Merhdad Emadi, an Iranian economic specialist with the London-based Data Matrix Systems, says that Rohani is attracting the attention of some disillusioned younger voters.
"All the indicators suggest that in the absence of a real candidate, or ideal candidate for reformers, Mr. Rohani appears to be the closest substitute who can actually entice a large segment of reform-seeking voters who felt completely excluded," Emadi says. "We see traction with the younger people who were completely switched off even until just two weeks ago."
Rohani's public appeal for freeing political prisoners came as a last-minute campaign surprise. Both he and Aref stayed silent during the tumult after the 2009 election, though both said later that "violations" occurred during the poll.
As a close ally of Ali Akbar Hashemi Rafasanjani, Rohani has increasingly moved to appeal to both moderate and reformist voters since Iran's election-supervising Guardians Council controversially barred Rafsanjani's own candidacy. Rafsanjani was widely considered capable of attracting the reformist vote because his camp has openly feuded with those of both Ahmadinejad and Supreme Leader Ayatollah Ali Khamenei over the repression of the opposition movement.
Last week, Rohani aired a promotional video on television that praised Rafsanjani, prompting speculation that Rafsanjani could give him his official endorsement before election day.
Centrifuges And Lives
Rohani is no stranger to politics. He previously served as Iran's leading negotiator on nuclear affairs during Khatami's presidency and he has taken a forceful posture against his conservative rivals in Iran's three candidate debates.
The clergyman has said he wants better relations with the West without weakening Iran's negotiating stance over its controversial nuclear program. He appeared to fault the policies of Said Jalili
, Iran's current chief nuclear negotiator and a leading conservative presidential candidate, for leading Iran into punitive economic sanctions.
In the last of the debates, Rohani said on June 7 that "it is good to have centrifuges running, provided people's lives and livelihoods are also running."
Jalili, in turn, lambasted the "soft" strategy of previous administrations, saying it undermined Iran through subservience to Western powers.
There have been signs that conservatives could push back hard at Rohani before the June 14 vote. On June 9, Iran's semiofficial Mehr news agency reported that the powerful Guardians Council would consider whether to retroactively disqualify Rohani's candidacy. However, Guardians Council spokesman Abbas Ali Kadkhodai said on June 10 that "a further review of the qualifications of candidates has not been raised and we deny such a thing."

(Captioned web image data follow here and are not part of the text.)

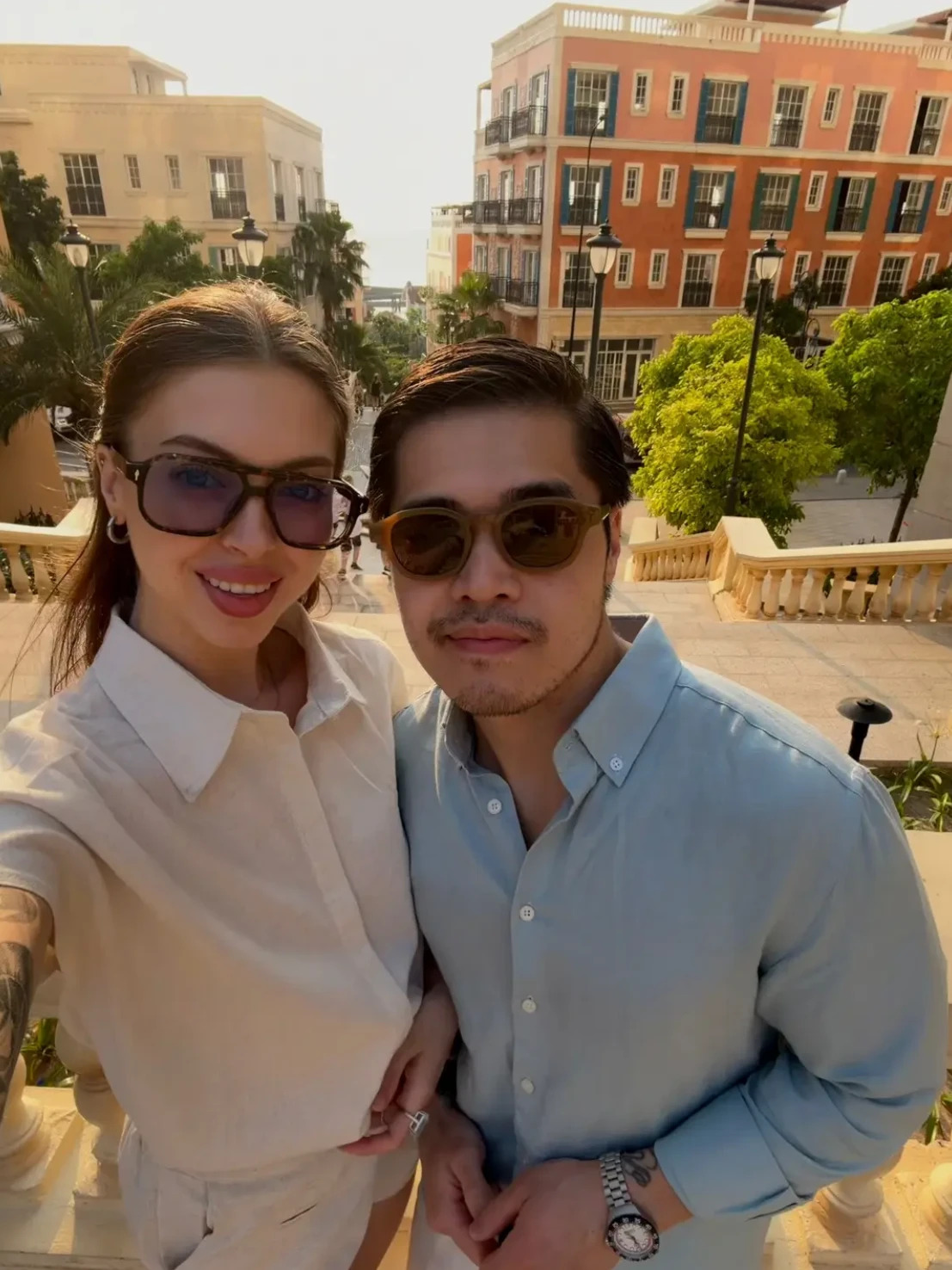 Kiều Phạm Sơn và Elen quen nhau khi đàng trai chủ động nhắn tin làm quen trên Instagram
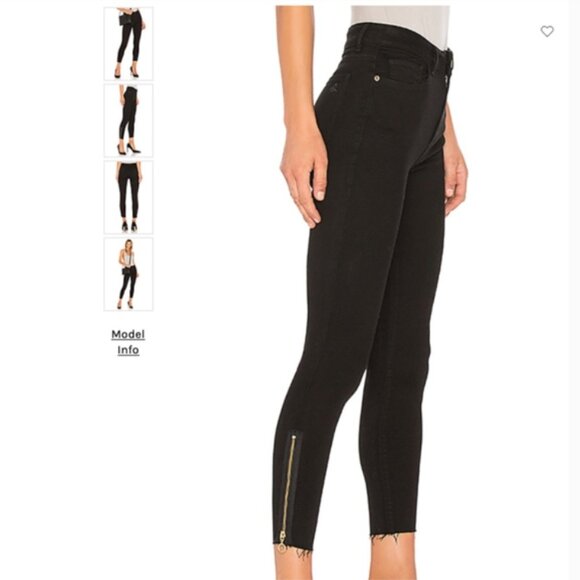 DL1961 FARROW INSTASLIM ANKLE JEANS BLACK - Picture 1 of 11
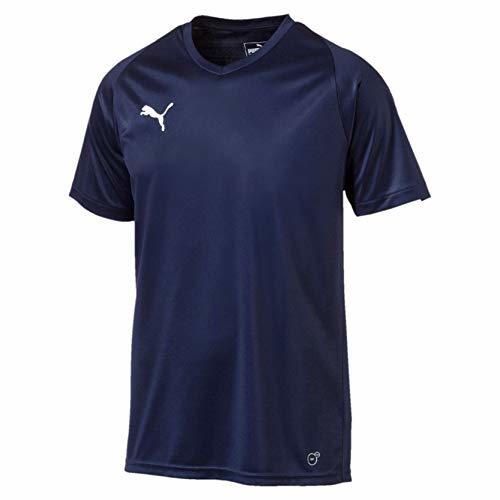 PUMA Liga CR H Camiseta de Manga Corta, Hombre, Azul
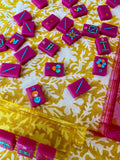 Pressed Florals Tablecloth in Yellow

The question is whether Rohani could galvanize sufficient support to win the election.
'Lots Of Tension'
Scott Lucas, an Iranian affairs expert at Britain's Birmingham University, says Rohani may have a chance if the election is fair, if the moderate and reformist candidates form a coalition, and if the conservative candidates split their own vote among themselves.
"I think we are in a period up until Friday's election where you have a lot of tension amongst what the conservatives do and you have a lot of tension over whether there will be a coalition between the moderates and reformists," Lucas says.
If there is no clear winner in the first round, the election will go to a second vote a week later.
The number of candidates has been narrowed from eight to six.
In addition to Aref dropping out of the race, former parliamentary speaker Gholam Ali Haddad-Adel on June 10 also withdrew.
Adel, who is related by marriage to Supreme Leader Ayatollah Ali Khamenei, did not state a reason.